[DATA RECORDS Boundary: Start]
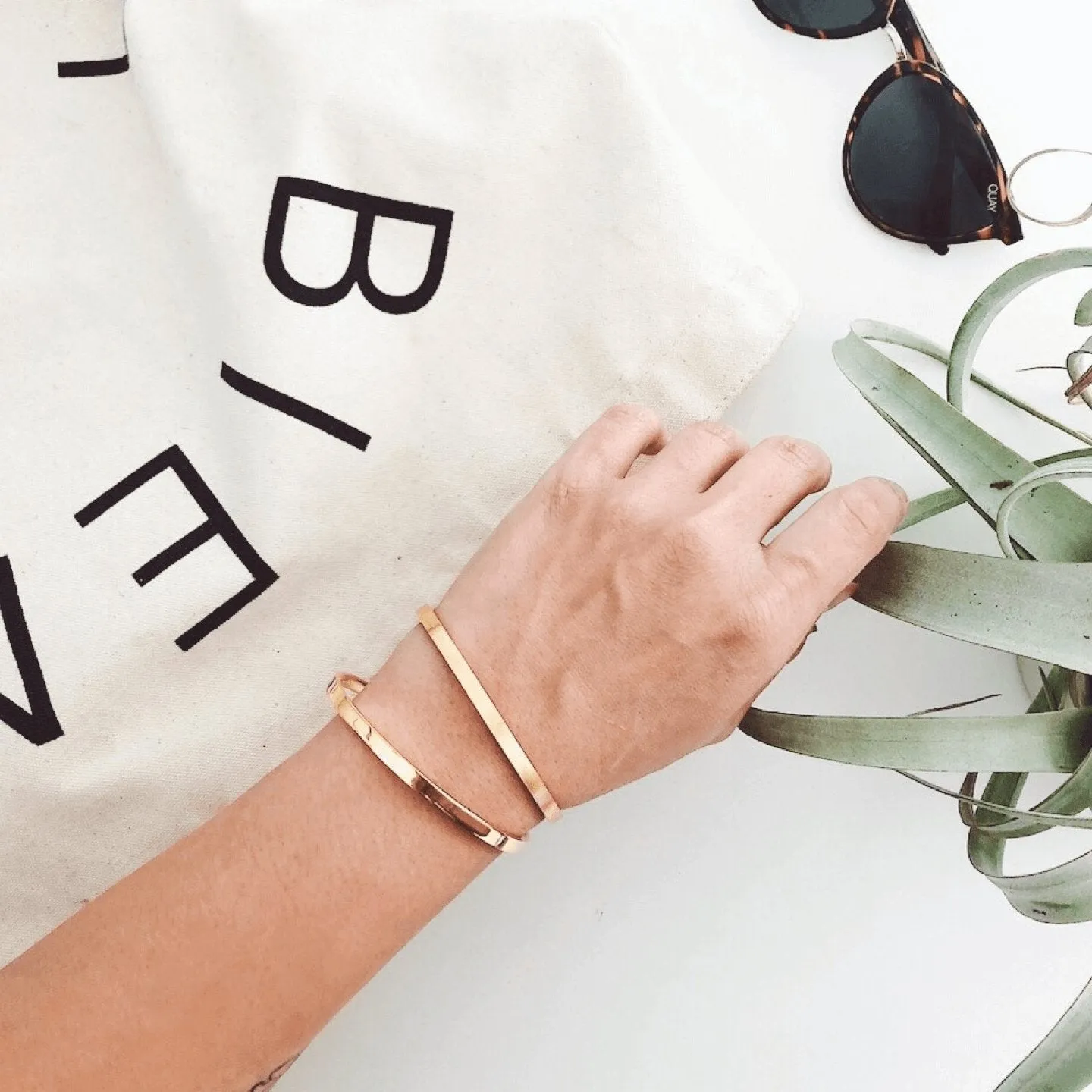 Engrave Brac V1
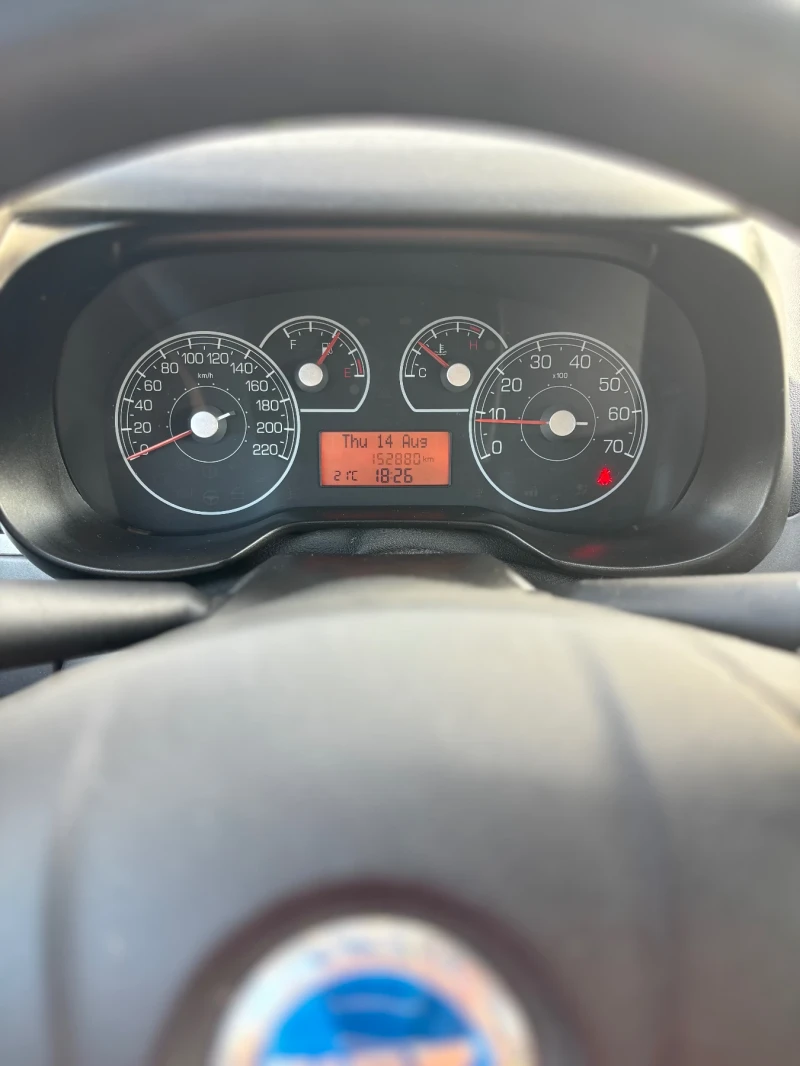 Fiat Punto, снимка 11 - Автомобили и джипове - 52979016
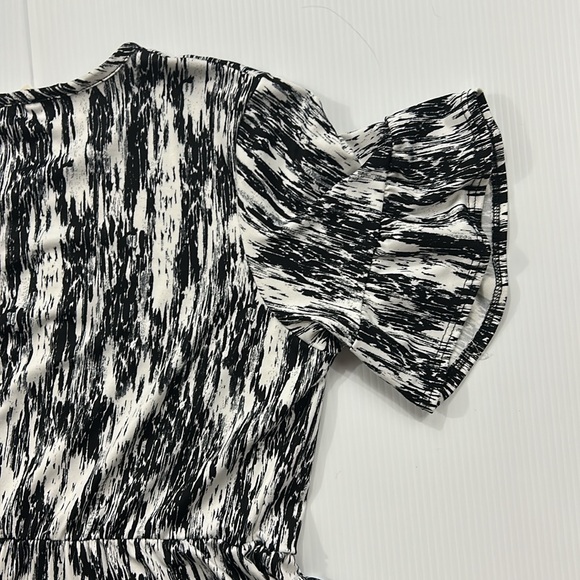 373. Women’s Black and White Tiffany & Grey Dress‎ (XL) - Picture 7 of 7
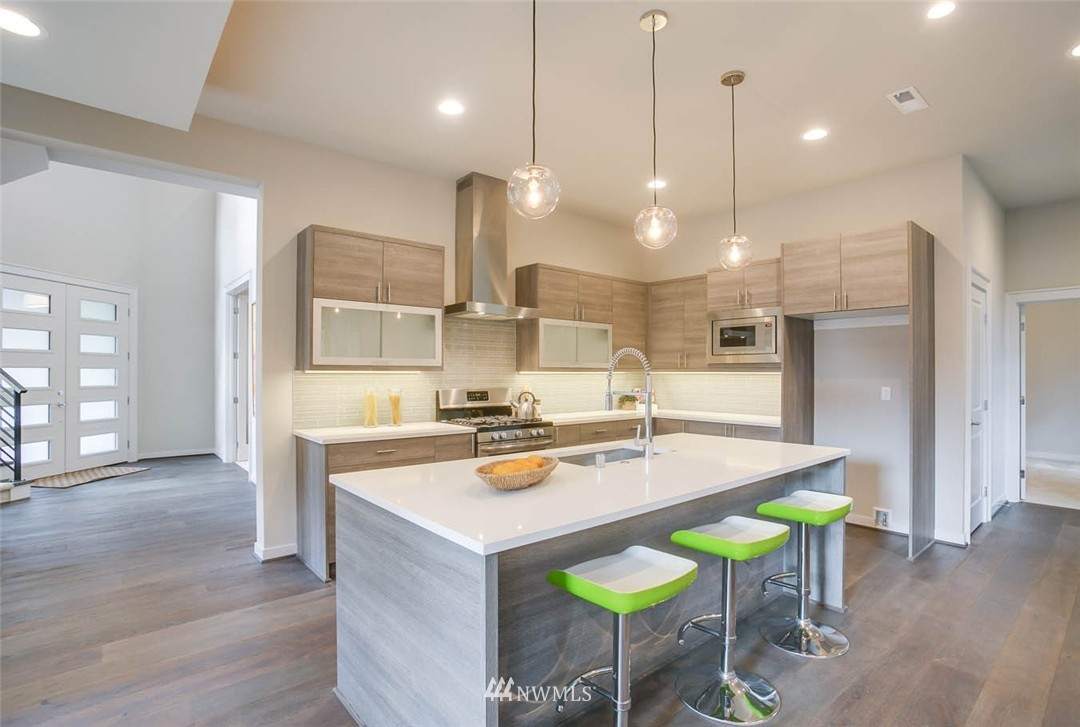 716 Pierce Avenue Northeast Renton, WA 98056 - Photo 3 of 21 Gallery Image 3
[DATA RECORDS Boundary: End]
[DATA RECORDS Boundary: Start]
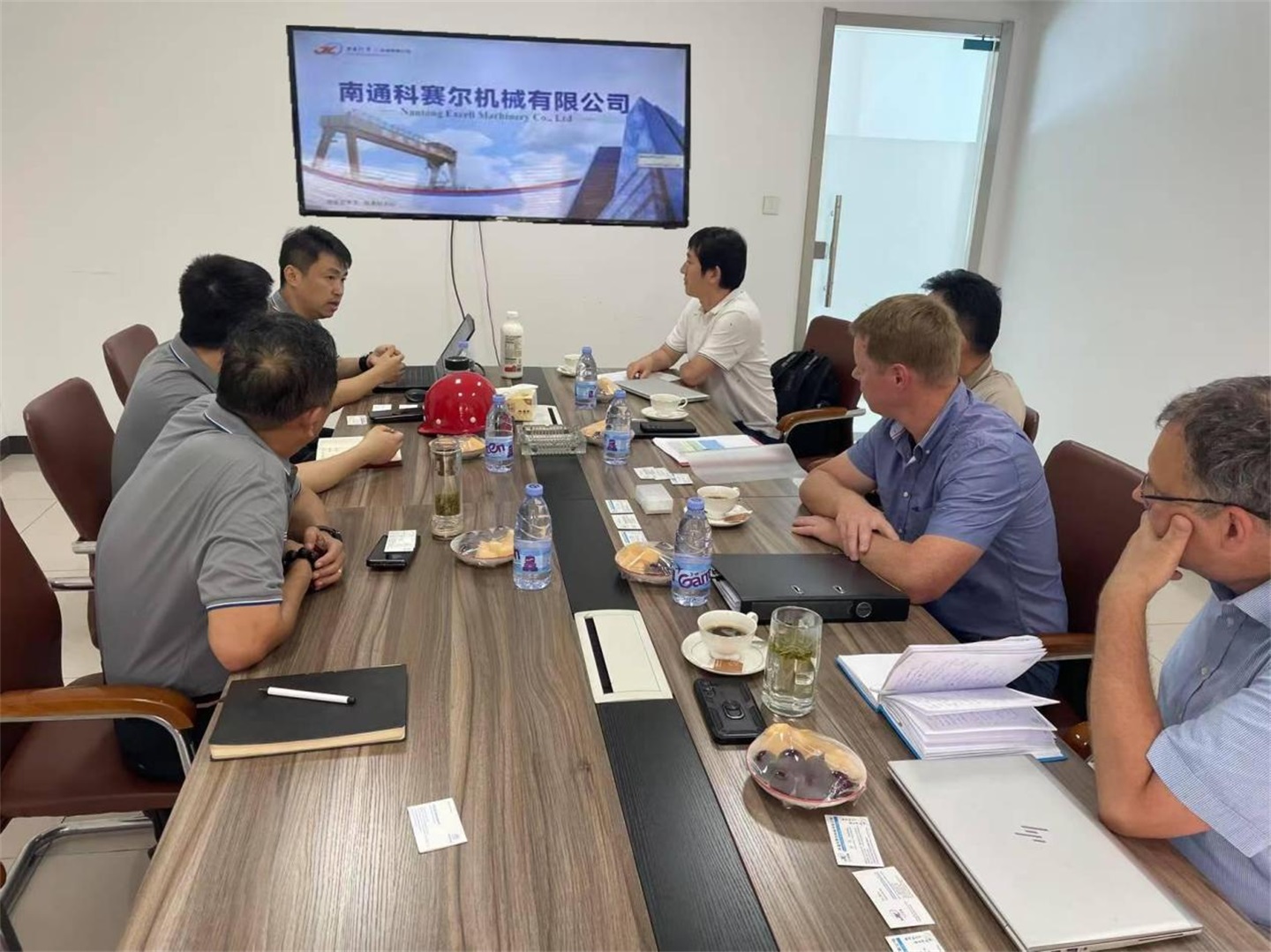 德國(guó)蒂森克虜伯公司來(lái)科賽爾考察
[DATA RECORDS Boundary: End]
### REQUIREMENT
Copy the lines above exactly, starting with the line that contains "Fiat Punto, снимка" and ending with the line that contains "716 Pierce Avenue", and leave out any pictures.

### RESULT FOR THIS EXERCISE
 Fiat Punto, снимка 11 - Автомобили и джипове - 52979016
 373. Women’s Black and White Tiffany & Grey Dress‎ (XL) - Picture 7 of 7
 716 Pierce Avenue Northeast Renton, WA 98056 - Photo 3 of 21 Gallery Image 3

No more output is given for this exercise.